Proteins are often said to act as building blocks for the lean tissues in our bodies. But they serve many other important functions in body regulation, supportive immune function and a variety of other roles in our physiology.
There are 20 types of amino acids needed to fulfill all of these functions, but only nine of them are essential. Meaning that our bodies can’t make enough of them, so we rely on getting these from our food.
In general, animal sources of protein like fish and eggs provide all of the essential amino acids in high enough concentrations that these foods are called complete protein sources.
In contrast, plant based protein sources like beans, lentils, nuts and tofu tend to be incomplete sources of protein.
It might seem that since plant-based proteins are incomplete in their nutrient content that they’re nutritionally inferior compared with animal-based proteins. But in fact the health benefits of substituting plant-based proteins for animal-based ones, ideally a few days a week, this far outweighs the risk of falling short on essential amino acids.

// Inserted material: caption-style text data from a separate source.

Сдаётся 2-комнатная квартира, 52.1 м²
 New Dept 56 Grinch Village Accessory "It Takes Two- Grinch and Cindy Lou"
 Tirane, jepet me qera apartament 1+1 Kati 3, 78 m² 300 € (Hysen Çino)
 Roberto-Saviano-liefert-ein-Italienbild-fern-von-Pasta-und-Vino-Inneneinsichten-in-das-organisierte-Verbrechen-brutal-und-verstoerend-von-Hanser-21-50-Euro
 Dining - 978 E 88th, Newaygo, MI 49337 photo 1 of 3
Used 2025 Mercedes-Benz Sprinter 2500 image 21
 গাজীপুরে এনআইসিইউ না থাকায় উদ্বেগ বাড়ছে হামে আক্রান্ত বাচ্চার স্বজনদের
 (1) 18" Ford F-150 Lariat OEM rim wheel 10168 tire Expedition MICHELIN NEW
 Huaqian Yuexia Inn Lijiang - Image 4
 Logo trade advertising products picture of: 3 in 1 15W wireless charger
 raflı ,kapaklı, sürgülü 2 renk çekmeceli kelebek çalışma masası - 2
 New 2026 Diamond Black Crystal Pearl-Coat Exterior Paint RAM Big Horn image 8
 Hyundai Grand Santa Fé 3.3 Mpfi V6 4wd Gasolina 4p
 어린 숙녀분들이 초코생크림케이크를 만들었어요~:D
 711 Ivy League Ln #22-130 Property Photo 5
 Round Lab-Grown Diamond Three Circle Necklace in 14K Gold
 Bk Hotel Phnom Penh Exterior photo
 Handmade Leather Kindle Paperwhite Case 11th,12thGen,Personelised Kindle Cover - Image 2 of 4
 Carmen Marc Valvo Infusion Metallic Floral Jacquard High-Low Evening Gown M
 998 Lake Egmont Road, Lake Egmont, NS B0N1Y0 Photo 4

Plant-based proteins can be combined with other foods to provide a complete amino acid profile. In fact, many traditional food combinations like corn and black beans or rice and lentils are based on the principal of combining complementary proteins. Meals that contain vegetarian sources of protein also contain more fiber and less fat, especially saturated fat, than meals that feature animal based protein.
And even though saturated fat may not be as harmful as we once thought, it can still contribute to elevated levels of LDL cholesterol if we eat too much of it. So moderating our intake of red meat, for example, is still a sensible idea. In general, the typical western diet contains more animal based protein than we need to sustain good health.
> People eat lots of plant food, eat a plant based diet, tend to have much better health, and better longevity than people who eat a heavy meat diet. >>
So, if you’re thinking of trying a low card, high protein diet, it’s important to pay attention to the kinds of proteins that are being consumed, and in what quantities. A diet high in animal protein, especially if it’s poor quality animal protein, like processed meat or high fat cuts of meat, this kind of diet can be harmful to our health even if it leads to weight loss in a short term.
Processed meats often contain nitrates used as a preservative, which can damage blood vessels and contribute to hardening of the arteries. These meats also tend to be very high in sodium, which can be a contributor to high blood pressure.
The most sensible diets are usually those that encourage us to eat moderate amounts of high quality protein foods. These should come from a variety of different sources, including some fish if possible. As well as plenty of vegetarian sources of protein that are combined for completeness.